Алексей не сразу понял, что она плакала, а поняв, растерялся, не зная, что надо сделать и что сказать. Его опять охватило прежнее чувство жалости к Евгении, и он, силясь прикрыть ласку, грубовато сказал:
— Чуть что — и слезы. Там и сгорело-то на грош…
XI
С холодными утренниками, ясными, пригретыми солнцем днями и бледными короткими закатами выстояло в тот год бабье лето. Ночами падали обильные росы, и хлеба тяжелым колосом горбились, никли к земле, не осыпались. Для полевых работ было золотое время.
Почти два месяца районная окладинская газета «Всходы коммуны» вела рубрику «Уберем урожай быстро и без потерь», однако половина урожая все еще качалась на корню.

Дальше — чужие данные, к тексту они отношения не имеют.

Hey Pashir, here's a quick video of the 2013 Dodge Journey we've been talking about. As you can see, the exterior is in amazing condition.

В большинстве колхозов района было мало техники, и всюду, на всем долгом пути зерна с поля до элеватора, требовались людские руки, а их не хватало. И не потому, что в селах не было людей. Люди были, но они не хотели работать, так как колхозы ничего не могли дать им за труд. Лето-припасиха заставляло думать о долгой и суровой зиме. Поэтому колхозники пригородных сел то и дело посещали окладинский рынок, сбывая там огородную зелень, молоко, яйца, картофель. Люди глубинных колхозов тайно от начальства ходили в лес и заготовляли грибы, ягоды, кедровые орехи, дрова. А кто порасторопней, ухитрялся и сенца поставить на лесных еланях и прогалинах.
Страда в колхозах шла вяло.
Как и следовало ожидать, вёдро сменилось, тяжелым ненастьем. День за днем зарядили проливные дожди, и в осенней сырой хляби утонула вся земля, вспухли от воды поля и дороги, на низинных местах все взялось одной свинцовой лужей.

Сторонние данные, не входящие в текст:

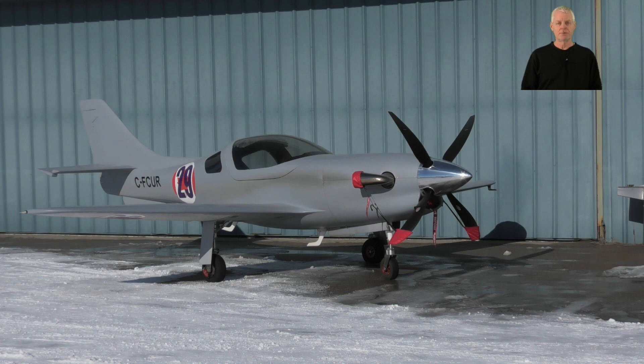Hi, welcome back to the channel and video number 125. This will be a short video on the Lancer Legacy Turbine built by Innovative Wings in Calgary, Alberta. Hope you enjoy!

— Черт их побери, — расхаживая по избе, ругался Лука Дмитриевич Лузанов. — Такую погоду упустили. Тут надо бы рвать, как на пожаре. Пусть бы жилы лопались… Мать их так, безголовых. Хм.
Он ерошил свои коротко остриженные волосы, умолкал ненадолго и снова бранился:
— Разве это жизнь? Опять остались без хлеба и без кормов. Тьфу!

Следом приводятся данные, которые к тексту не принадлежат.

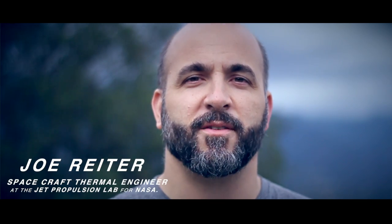Hi, I'm Joe Ryder, and I'm a science instructor at ArtCenter, and I'm also a spacecraft thermal engineer at the Jet Propulsion Laboratory working for NASA.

Домна Никитична рубила в деревянном корытце капусту, старалась мягче опустить сечку, чтобы не навлечь на себя гнева мужа.
— А ну, постой, — остановил ее хозяин. — Кажись, постучал кто-то. Нет, ветер, должно. Льет и льет — прорва. Глаза бы не глядели.
Только Домна Никитична занесла сечку, как стук в ближайшее к воротам окно повторился, сейчас более громкий и настойчивый. Лука Дмитриевич нырнул головой под занавеску, сбоку прикрыл глаза ладошкой, прильнул к мокрому стеклу, вглядываясь в темное непогодье.